= Santa Maria Island Station =

Santa Maria Island Station (also known as SMA or Montes das Flores, Hill of Flowers) is an ESTRACK satellite ground station in the Azores, 5 km from the town of Vila do Porto on the island of Santa Maria.

== ESTRACK Station ==
The Station currently operates a 5.5m S-band antenna capable of receiving signals in the 2200-2300 MHz range, the first one in the ESTRACK network with launch tracking capability. It covers a large portion of the Atlantic Ocean and during the Ariane 5 launches, it acquires signals until the upper stage engine cut-off. The station is also able to receive X-band in the range of 8025-8400 MHz.

Construction of the station was completed in January 2008 under Ariane Development Programme in an agreement between ESA and the Portuguese government. A reason for building an additional station was tracking of the medium inclination Ariane 5 launches and upcoming Vega along with Soyuz from Guiana Space Centre.
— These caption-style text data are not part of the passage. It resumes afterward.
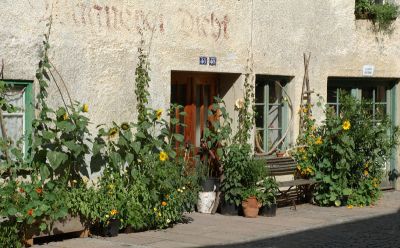 DSC_0962.jpg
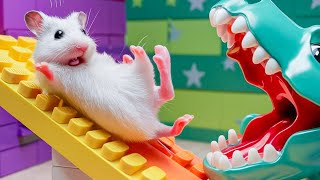 🐹 Hamster vs Pop It maze for pets 🐹 Escape in the Best Hamster Challenges 95 [upl. by Allwein]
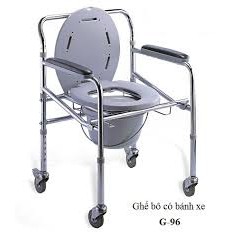 Ghế bô vệ sinh cho người già FS-696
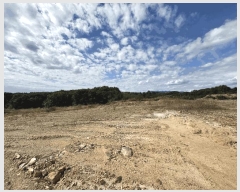  2025Ÿ��503450 ����Ư����ġ�� �屺�� �Ϻ��� 429-3       ����(�Ӿ�)���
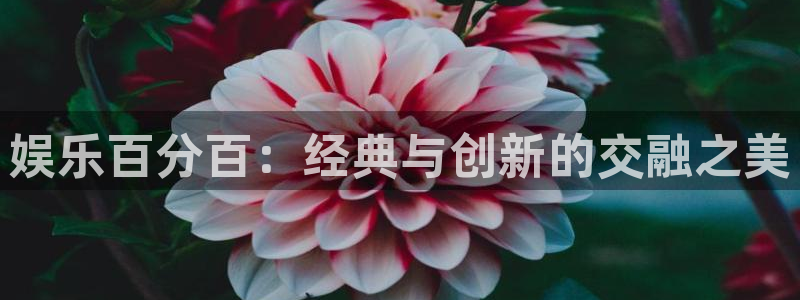 彩虹多多免费下载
The first launch tracked by the newly built site was Ariane 5 ES flight V-181 lifting Automated Transfer Vehicle Jules Verne in March 2008. After the end of the ATV programme, the station is primarily used for launches from Kourou carrying Galileo satellites. In the future the station will be upgraded to support the Space Rider programme.

When not used for launch tracking station is used in CleanSeaNet and MARISS service for Copernicus Programme

== Other Installations ==
Apart from the ESTRACK station the teleport also hosts a number of other antennas:

- The site hosts a Galileo Sensor Station, that is used to monitor the navigation signals, from which corrections to the satellites and the reference frame can be computed. A VSAT terminal is also part of the installation to connect the station with the control centers.
- Leafspace operates two 3.7m antennas that are capable to transmit in S-Band as well as receive in S- and X-Band. The antennas are mainly used for small satellites.
- PT Space took over the 15m ESTRACK antenna in Perth in 2015 from ESA and transferred it to Santa Maria. The plan was to support the Proba-3 mission. In 2024 the AEROS MH-1 satellite became the first user of the station.
- EUMETSAT operates a X-Band receive station for direct data distribution from the EPS-SG satellites.
- LeoLabs operates a space radar to track objects in orbit around earth.

Furthermore, the local company Edisoft works with various other users to host smaller antennas or to sell spare capacity on existing ones.